Creating Critical Distance: negotiating proximity and distance with candidates’ professional knowledge

How can candidates create critical distance to reflect on their own professional practice? This distance is shaped by their biographies, but also links to underlying questions about epistemology, and the positionality and identity work that goes on within a PhD. This challenge often emerges early within the doctoral process through the definition of a PhD topic, and is given particular prominence through the choice of an empirical focus and its possible overlap with the candidate’s ownarioussional experience. But as well as deciding how far they should directly embrace or separate themselves from this context, candidates also create critical distance by asking researchable questions, by identifying their “academic communities” (the disciplines, fields of study, or particular debates or literatures they wish to engage with through their research), and by working through elements of their professional subjectivity. Here, we address these four aspects of this challenge in turn.

Defining the PhD topic—overlapping, but not too much, with professional experience

For our researchers, choosing a substantive subject area and case study showed a wide continuum of positions. Figure 1 illustrates this, with some candidates directly drawing on first-hand experience (Kate, Neil), whereas others used various strategies to distance themselves from it (Li, Debjani, Sarah). Proximity here may mean directly interrogating one’s own practice, challenging it through related academic literature, whereas distancing strategies allow this to be addressed more obliquely: choosing related but different research contexts or thematic areas; or using direct professional experience as one case study or thematic dimension amongst many within a broader study. The displacement or broadening of the gaze allows for analysis at a safer distance, and may meet tactical or essential needs of disconnecting the PhD topic from direct professional experience. While these distancing tactics may also help to avoid sensitive questions about the ethics of data construction and analysis (see Section 4 below), it is important to note that it also has its risks. If reflection on one’s own practice was a central motivation for the PhD, this may be diluted, and beyond this, it negates elements of the candidate’s own experiential knowledge and privileged access to a professional field, where a unique contribution to knowledge could be made.

Fig. 1
figure 1

Choosing a Topic

Navigating proximity and distance becomes work PhD candidates and their supervisors do jointly—defining an adequate position depends on both. When the research theme or fieldwork site is relatively close to the candidate’s professional field, this decision not to disconnect requires other strategies to nurture reflexivity and challenge subjectivity. Questions around how the candidate and her research subjects can be protected (which we return to in Section 4) must also be considered, particularly if she is likely to return to this professional field after the PhD is complete.

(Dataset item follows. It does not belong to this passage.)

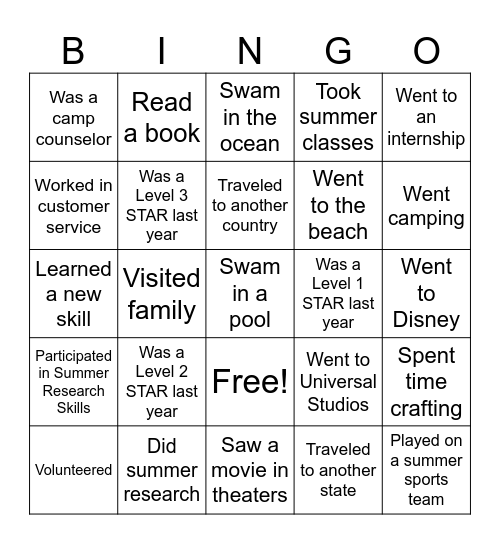 STAR Bingo Card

Framing a researchable question, keeping the normative at bay: moving from “what should be done?” to “what is happening, how, and why”?

A second element of crafting an appropriate distance towards candidates’ professional experience is moving beyond direct, normative engagement with their research topic: What ought to be done? How can better policy, practice, environments be created? How can problems be solved? Such a normative framing to urban research is constitutive of the planning discipline, but is particularly acute amongst professionals reflecting on their own practice. They might expect academic literature to provide objectified (if not objective) guidance, through theories, principles or case studies—and feel frustrated when this literature fails to deliver (Harrison, 2013). Yet, normative questions generally do not open up productive avenues for research: they do not incite observation and critical analysis of social dynamics in the first instance, as the urgency to intervene or improve often blinds the researcher to the complexity of what exists, crushing actual processes under pre-existing normative views.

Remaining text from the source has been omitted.